All records below are to be transcribed exactly, with every picture left out.

*** Opening of Given information ***

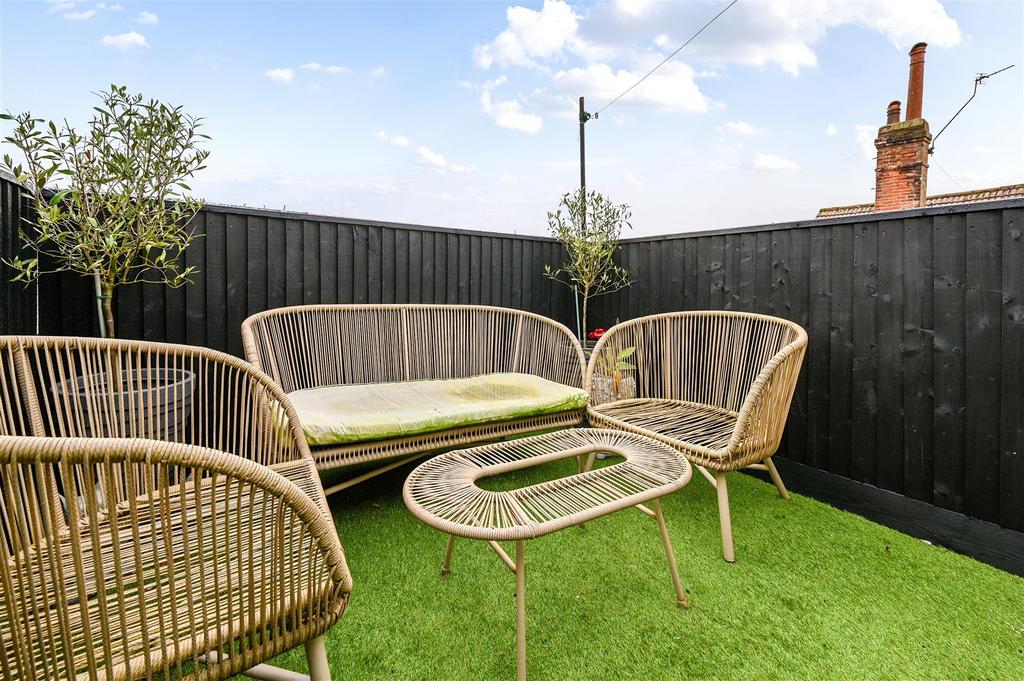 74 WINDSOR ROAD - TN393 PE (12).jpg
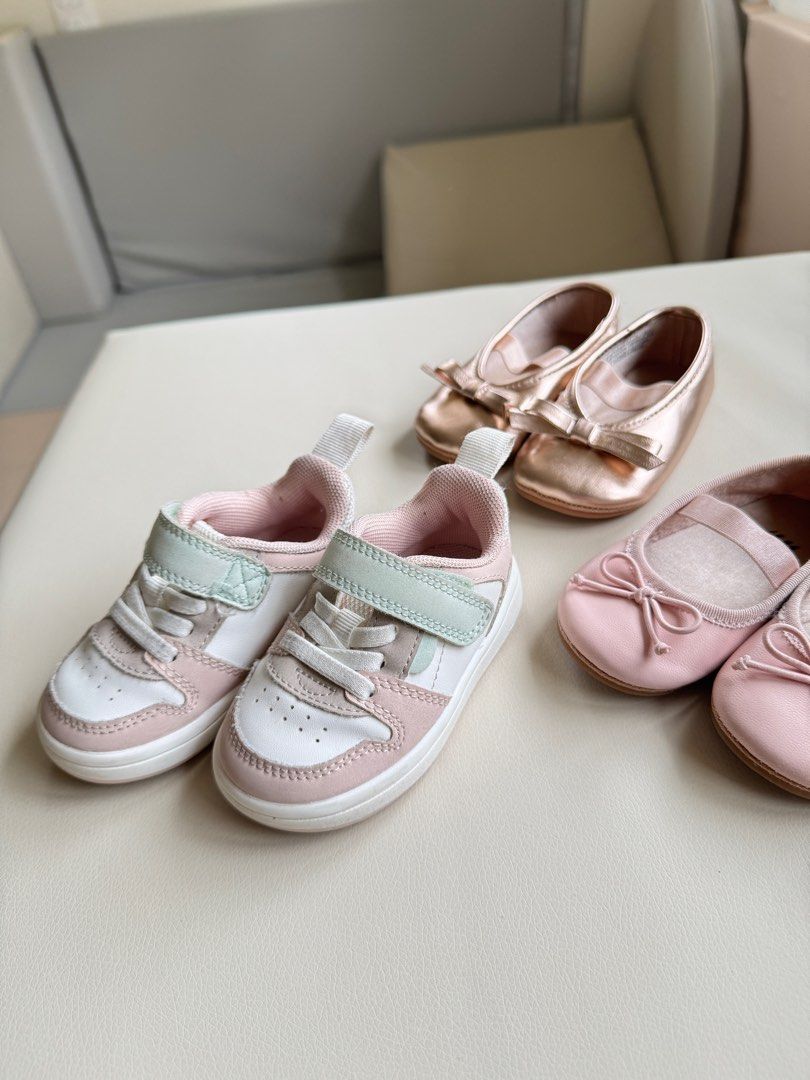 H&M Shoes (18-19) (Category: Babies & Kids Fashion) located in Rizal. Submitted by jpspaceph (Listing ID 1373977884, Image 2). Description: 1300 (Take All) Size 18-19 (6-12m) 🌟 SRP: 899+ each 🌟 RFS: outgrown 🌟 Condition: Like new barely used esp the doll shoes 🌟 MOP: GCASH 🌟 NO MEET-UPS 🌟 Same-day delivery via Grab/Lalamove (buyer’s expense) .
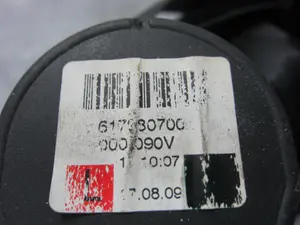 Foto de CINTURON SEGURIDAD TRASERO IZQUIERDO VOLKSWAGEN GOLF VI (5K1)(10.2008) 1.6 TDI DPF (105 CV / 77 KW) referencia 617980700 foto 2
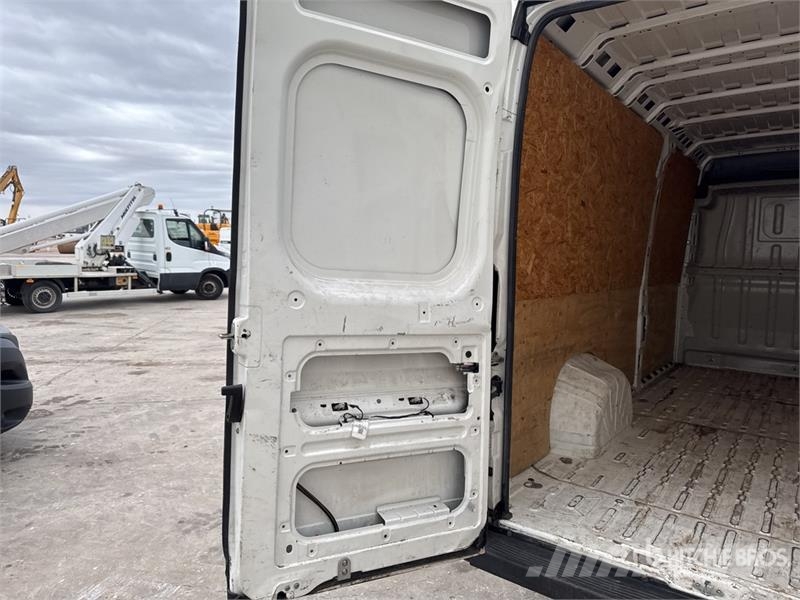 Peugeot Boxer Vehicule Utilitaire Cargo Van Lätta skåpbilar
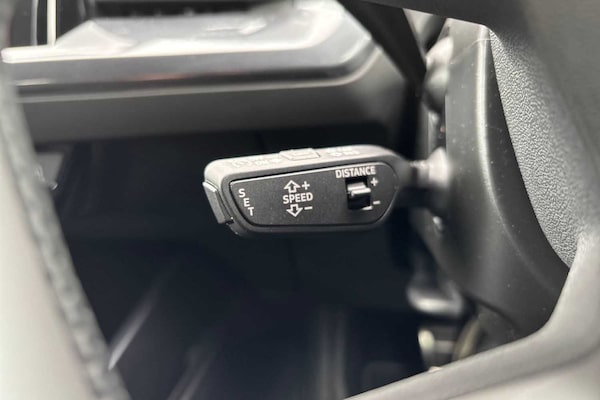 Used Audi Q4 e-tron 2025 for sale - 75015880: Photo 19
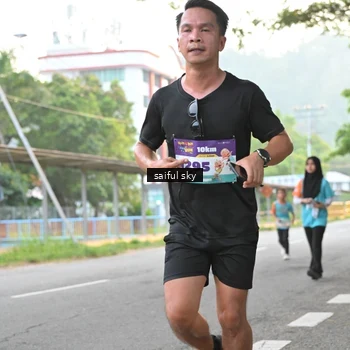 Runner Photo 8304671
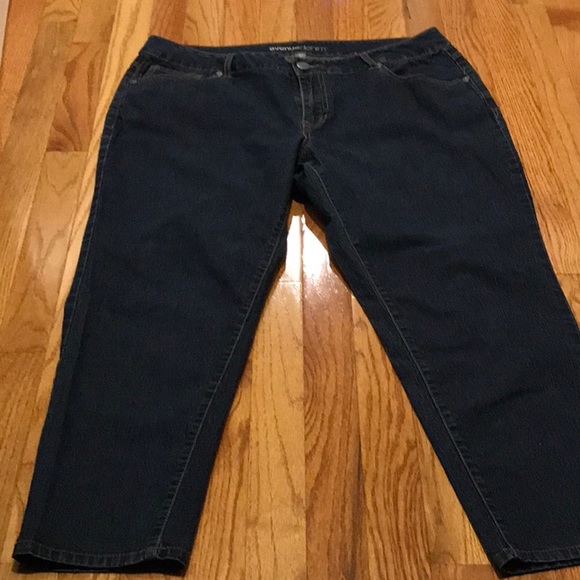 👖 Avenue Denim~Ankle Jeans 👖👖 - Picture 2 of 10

*** Close of Given information ***

**Task solution:**
 74 WINDSOR ROAD - TN393 PE (12).jpg
 H&M Shoes (18-19) (Category: Babies & Kids Fashion) located in Rizal. Submitted by jpspaceph (Listing ID 1373977884, Image 2). Description: 1300 (Take All) Size 18-19 (6-12m) 🌟 SRP: 899+ each 🌟 RFS: outgrown 🌟 Condition: Like new barely used esp the doll shoes 🌟 MOP: GCASH 🌟 NO MEET-UPS 🌟 Same-day delivery via Grab/Lalamove (buyer’s expense) .
 Foto de CINTURON SEGURIDAD TRASERO IZQUIERDO VOLKSWAGEN GOLF VI (5K1)(10.2008) 1.6 TDI DPF (105 CV / 77 KW) referencia 617980700 foto 2
 Peugeot Boxer Vehicule Utilitaire Cargo Van Lätta skåpbilar
 Used Audi Q4 e-tron 2025 for sale - 75015880: Photo 19
 Runner Photo 8304671
 👖 Avenue Denim~Ankle Jeans 👖👖 - Picture 2 of 10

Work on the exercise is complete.